GIVEN INFORMATION:

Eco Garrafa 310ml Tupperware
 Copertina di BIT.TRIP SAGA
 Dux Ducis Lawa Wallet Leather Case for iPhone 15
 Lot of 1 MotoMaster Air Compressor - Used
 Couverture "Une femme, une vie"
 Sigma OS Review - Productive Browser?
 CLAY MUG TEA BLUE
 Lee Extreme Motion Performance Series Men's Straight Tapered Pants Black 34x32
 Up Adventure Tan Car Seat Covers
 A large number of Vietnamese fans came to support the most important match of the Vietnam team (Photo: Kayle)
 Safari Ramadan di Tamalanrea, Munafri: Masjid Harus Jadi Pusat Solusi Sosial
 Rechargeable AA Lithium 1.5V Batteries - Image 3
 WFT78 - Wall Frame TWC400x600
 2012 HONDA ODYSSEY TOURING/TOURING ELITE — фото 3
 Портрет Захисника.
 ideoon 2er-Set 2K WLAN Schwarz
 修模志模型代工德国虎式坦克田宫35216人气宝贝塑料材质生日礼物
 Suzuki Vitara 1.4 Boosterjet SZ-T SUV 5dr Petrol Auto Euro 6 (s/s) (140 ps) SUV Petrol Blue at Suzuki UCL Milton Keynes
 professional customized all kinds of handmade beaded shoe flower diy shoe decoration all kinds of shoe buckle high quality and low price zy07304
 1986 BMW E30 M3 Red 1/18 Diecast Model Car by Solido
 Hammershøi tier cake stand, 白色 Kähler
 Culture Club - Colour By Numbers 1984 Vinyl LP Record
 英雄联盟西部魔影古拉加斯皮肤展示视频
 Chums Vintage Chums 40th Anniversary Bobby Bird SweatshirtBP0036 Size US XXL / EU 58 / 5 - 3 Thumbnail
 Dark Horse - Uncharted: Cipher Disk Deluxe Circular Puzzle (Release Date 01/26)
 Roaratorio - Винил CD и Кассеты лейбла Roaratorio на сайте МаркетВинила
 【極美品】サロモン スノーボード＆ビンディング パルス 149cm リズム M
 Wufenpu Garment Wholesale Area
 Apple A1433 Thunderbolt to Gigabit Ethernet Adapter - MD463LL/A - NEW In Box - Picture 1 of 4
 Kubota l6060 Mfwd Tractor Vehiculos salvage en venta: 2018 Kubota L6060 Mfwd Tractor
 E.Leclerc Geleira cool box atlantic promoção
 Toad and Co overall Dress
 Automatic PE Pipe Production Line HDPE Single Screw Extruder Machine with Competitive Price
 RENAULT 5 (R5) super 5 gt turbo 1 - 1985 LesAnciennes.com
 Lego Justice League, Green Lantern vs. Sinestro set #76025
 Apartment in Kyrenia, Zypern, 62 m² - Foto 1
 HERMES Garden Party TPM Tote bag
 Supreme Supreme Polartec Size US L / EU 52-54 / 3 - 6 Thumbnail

WHAT YOU SHOULD DO: Repeat only the lines above, from the first line of the entries through the line that contains "Apple A1433 Thunderbolt", including both ends.

ANSWER SPACE:
Eco Garrafa 310ml Tupperware
 Copertina di BIT.TRIP SAGA
 Dux Ducis Lawa Wallet Leather Case for iPhone 15
 Lot of 1 MotoMaster Air Compressor - Used
 Couverture "Une femme, une vie"
 Sigma OS Review - Productive Browser?
 CLAY MUG TEA BLUE
 Lee Extreme Motion Performance Series Men's Straight Tapered Pants Black 34x32
 Up Adventure Tan Car Seat Covers
 A large number of Vietnamese fans came to support the most important match of the Vietnam team (Photo: Kayle)
 Safari Ramadan di Tamalanrea, Munafri: Masjid Harus Jadi Pusat Solusi Sosial
 Rechargeable AA Lithium 1.5V Batteries - Image 3
 WFT78 - Wall Frame TWC400x600
 2012 HONDA ODYSSEY TOURING/TOURING ELITE — фото 3
 Портрет Захисника.
 ideoon 2er-Set 2K WLAN Schwarz
 修模志模型代工德国虎式坦克田宫35216人气宝贝塑料材质生日礼物
 Suzuki Vitara 1.4 Boosterjet SZ-T SUV 5dr Petrol Auto Euro 6 (s/s) (140 ps) SUV Petrol Blue at Suzuki UCL Milton Keynes
 professional customized all kinds of handmade beaded shoe flower diy shoe decoration all kinds of shoe buckle high quality and low price zy07304
 1986 BMW E30 M3 Red 1/18 Diecast Model Car by Solido
 Hammershøi tier cake stand, 白色 Kähler
 Culture Club - Colour By Numbers 1984 Vinyl LP Record
 英雄联盟西部魔影古拉加斯皮肤展示视频
 Chums Vintage Chums 40th Anniversary Bobby Bird SweatshirtBP0036 Size US XXL / EU 58 / 5 - 3 Thumbnail
 Dark Horse - Uncharted: Cipher Disk Deluxe Circular Puzzle (Release Date 01/26)
 Roaratorio - Винил CD и Кассеты лейбла Roaratorio на сайте МаркетВинила
 【極美品】サロモン スノーボード＆ビンディング パルス 149cm リズム M
 Wufenpu Garment Wholesale Area
 Apple A1433 Thunderbolt to Gigabit Ethernet Adapter - MD463LL/A - NEW In Box - Picture 1 of 4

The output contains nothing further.